Step 9: Produce the review report
Output a structured review with these sections:
Backport Summary
- Backport: D —
- Original: D<id> — <title> (commit: <hash>)
- Target branch:
- Additional diffs included: D, D, ... (or "None")
File Comparison
- Files in both diffs: list
- Files only in backport: list (with explanation)
- Files only in original: list (with explanation — this might indicate a problem)
Change Comparison
- Identical changes: list of files with no meaningful diff differences
- Expected differences (from additional diffs): describe which changes come from which referenced diff
- Differences requiring review: for each difference, quote the relevant
+/- lines from both the original and backport diffs so the reviewer can see exactly what changed. Do not just describe the difference in prose — always include the actual code context.
Unrelated Code Pulled In From Master (if any)
- For each block of unexplained code: the file, the functions/symbols involved, the originating commit on master (hash, diff ID, title, author), and confirmation that this code does not exist on the target branch
- Recommendation to remove these from the backport
Assessment
- Overall verdict: Clean backport / Minor differences / Needs attention
- Specific concerns, if any
Notes
- The
phabricator_diff_raw tool returns the full unified diff. For large diffs, focus comparison on the +/- lines rather than context.

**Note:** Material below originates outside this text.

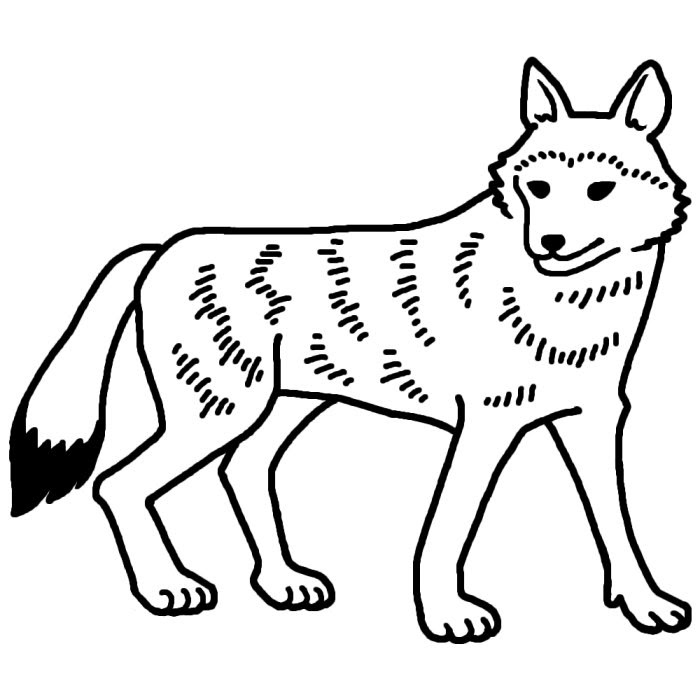 美しい花の画像 最高の狼 イラスト 白黒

- Line number offsets in hunks (
@@ -a,b +c,d @@) will almost always differ between the original and backport — this is normal and expected.
- Some backports are cherry-picks that apply cleanly; others require conflict resolution. Both are valid.
- When the backport summary mentions additional diffs, always fetch and account for those changes before flagging differences.
- Unexplained code in a backport is almost always from unrelated commits on master that were adjacent to the original change in the same file. During cherry-pick, git's conflict resolution can pull in these neighboring functions as context. Always trace such code back to its origin on master rather than just flagging it as "unexplained."